A sensitivity analysis examined the association of lithium as a continuous variable (restricted cubic spline with 5 knots). The analysis controlled for county-level demographic and healthcare resources.

"We had been studying statistical approaches to confounding in observational data. And, as we had heard for years about the potential association between lithium in drinking water and rates of bipolar disorder, we thought it would be an intriguing investigation," Gibbons said.

Biologically Dubious

The researchers analyzed claims data for 4,227,556 adults living in 174 counties (n = 3,046,331 with private insurance, 261,461 with Medicare Supplemental, and 919,764 with Medicaid).

Of these, 40,4662 patients (9.6%) lived in 1 of 32 counties with high lithium concentrations (defined as >40 μg/L).

The mean and median lithium concentrations were 27.4 μg/L and 11.1 μg/L, respectively (IQR, 3.7 - 23.6 μg/L).

Mean lithium exposures in low- and high-lithium counties were 6.0 μg/L and 141.3 μg/L, respectively (P < .001).

Unadjusted prevalence rates for bipolar disorder and dementia were found to be significantly lower in high-lithium counties compared to low-lithium counties. However, high-lithium counties had fewer physicians and healthcare resources as well as smaller, younger, less educated, and more Hispanic populations.

After adjustment for county-level demographics and healthcare resources, high lithium concentrations were not found to confer any significant preventive benefit for bipolar disorder, dementia, or the negative controls (MDD, MI, and prostate cancer).

The authors note that therapeutic lithium doses are "orders of magnitude larger than groundwater lithium concentrations, making a true causal relationship between groundwater lithium and mental health biologically dubious."

"A patient would need to drink more than 1000 L of water a day to get even the lowest reported effective therapeutic dose of lithium, which is 150 mg," Gibbons commented.

Final Word?

Commenting on the study for Medscape Medical News, J. John Mann, MD, Paul Janssen Professor of Translational Neuroscience and director, Molecular Imaging and Neuropathology Division, Department of Psychiatry, Columbia University/New York State Psychiatric Institute, New York City, who was not involved with the study, said that the researchers "used much more sophisticated statistical techniques than those used in previous studies to rule out an association between lithium in groundwater and lower risk of serious illnesses such as bipolar disorder."

These statistical methods enabled them to "rule out potential confounding factors that may lead to spurious results," he said.

"On and off, for many years, people have been putting out the idea that lithium in the water supply plays a helpful role in terms of bipolar disorder prevention, meaning that it's like fluoride in water, which can transform dental health," he noted.

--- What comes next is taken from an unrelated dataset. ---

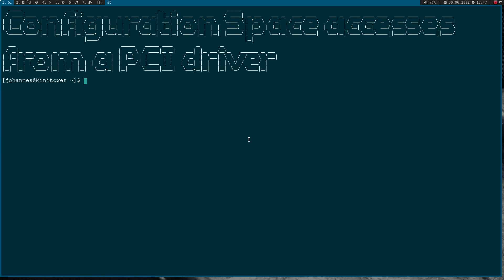Welcome to a new video on my Linux PCI Driver series. Today we will learn how to access the configuration space of a PCI or PCI Express device from a Linux PCI Driver.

Because this study "shows the benefit of better design, it is more definitive, and to some degree, we can lay this matter to rest."

Gibbons added, "The most important take-home message is that the beauty of randomization and randomized controlled trials means that we can control for all sorts of confounding factors and selection bias because of the balance brought about through randomization."

This is particularly important with observational studies, which can "often lead to the appearance of an effect that may not actually be there."

The study authors received funding from the National Institutes of Health, the Agency for Healthcare Research and Quality, and the National Research Service. Dr Mann has disclosed no relevant financial relationships.